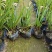 垂筒花高度15到25厘米种植基地自产自销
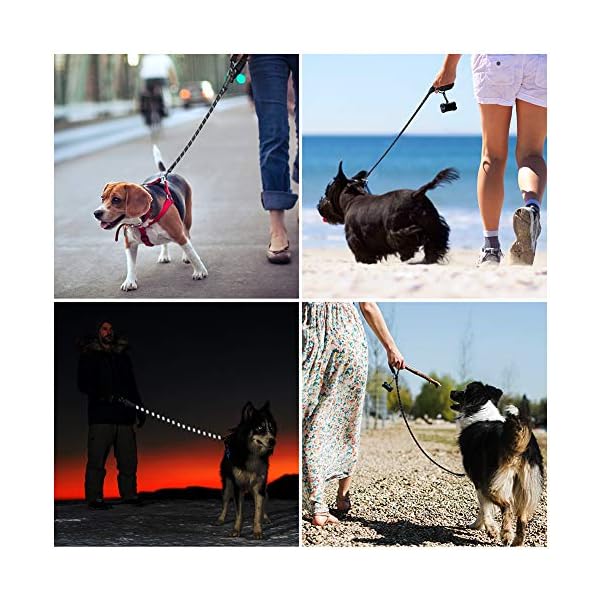 JBYAMUK-5-FT-Strong-Dog-Lead-with-Comfortable-Padded-Handle-and-Highly-Reflective-Threads-for-Small-Medium-and-Large-Dogs-5-FT-Black JBYAMUK 5 FT Strong Dog Lead with Comfortable Padded Handle and Highly Reflective Threads for Small, Medium and Large…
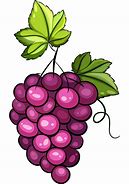 Image result for Sun Burn in Grapes HD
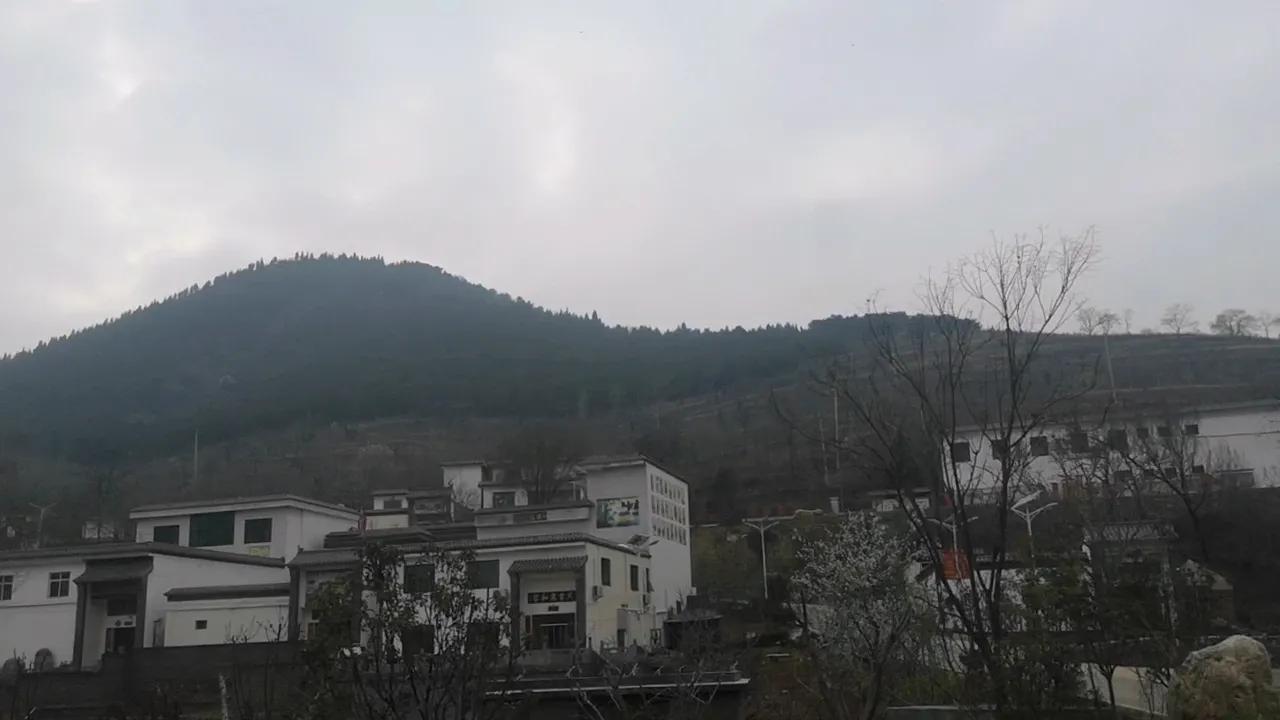 嵩山少林寺旅游攻略一日游,春季嵩山少林寺景区一日游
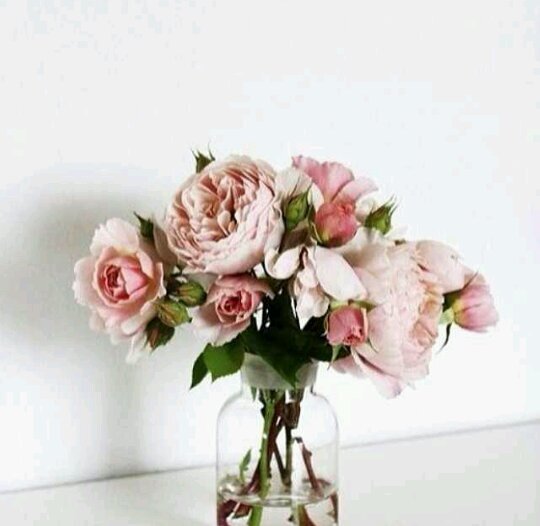 Hi•. Graduate of the University of Princess Noura《section : biology》 ☆Instagram: @sjoojz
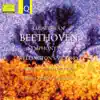 Beethoven: Symphony No. 5 - Wellington's Victory album lyrics, reviews, download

◇ ◇ ◇ ◇

What is wanted is the listing, written out exactly, with each picture removed.

 垂筒花高度15到25厘米种植基地自产自销
 JBYAMUK-5-FT-Strong-Dog-Lead-with-Comfortable-Padded-Handle-and-Highly-Reflective-Threads-for-Small-Medium-and-Large-Dogs-5-FT-Black JBYAMUK 5 FT Strong Dog Lead with Comfortable Padded Handle and Highly Reflective Threads for Small, Medium and Large…
 Image result for Sun Burn in Grapes HD
 嵩山少林寺旅游攻略一日游,春季嵩山少林寺景区一日游
 Hi•. Graduate of the University of Princess Noura《section : biology》 ☆Instagram: @sjoojz
 Beethoven: Symphony No. 5 - Wellington's Victory album lyrics, reviews, download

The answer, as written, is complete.